===== Exercise input =====

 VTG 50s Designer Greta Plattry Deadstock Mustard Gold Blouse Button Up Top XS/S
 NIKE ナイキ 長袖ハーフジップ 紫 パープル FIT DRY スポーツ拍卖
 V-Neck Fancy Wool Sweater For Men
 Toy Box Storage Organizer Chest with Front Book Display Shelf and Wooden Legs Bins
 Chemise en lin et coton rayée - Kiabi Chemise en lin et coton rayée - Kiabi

=====
===== Exercise input =====

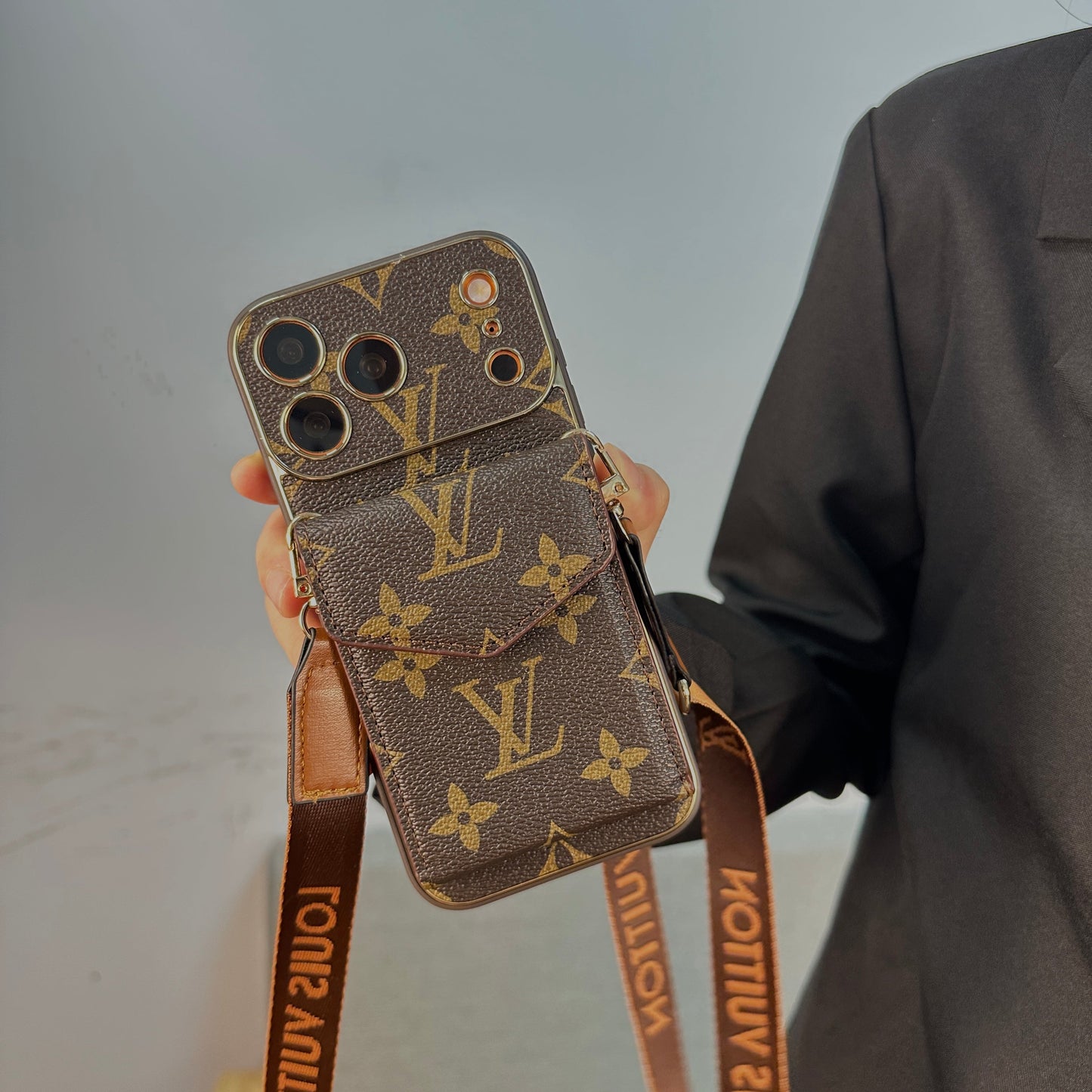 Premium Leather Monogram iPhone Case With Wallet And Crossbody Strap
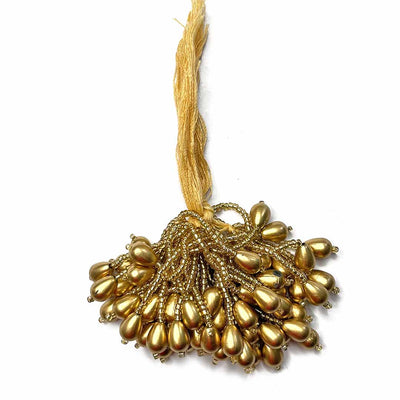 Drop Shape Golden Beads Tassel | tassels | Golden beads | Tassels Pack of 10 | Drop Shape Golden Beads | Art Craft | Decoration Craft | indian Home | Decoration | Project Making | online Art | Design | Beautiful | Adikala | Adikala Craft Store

=====
===== Exercise input =====

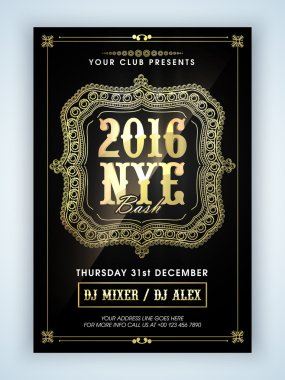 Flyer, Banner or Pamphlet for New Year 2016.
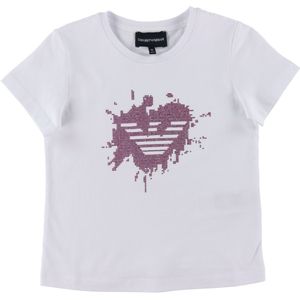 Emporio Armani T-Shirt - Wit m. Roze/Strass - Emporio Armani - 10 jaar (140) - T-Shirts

=====

▸ **The problem**:
Write down again, exactly as given, only the lines above that fall from the line with "Toy Box Storage" to the line with "Chemise en lin et coton rayée - Kiabi Chemise", inclusive.

▸ **Expected output**:
 Toy Box Storage Organizer Chest with Front Book Display Shelf and Wooden Legs Bins
 Chemise en lin et coton rayée - Kiabi Chemise en lin et coton rayée - Kiabi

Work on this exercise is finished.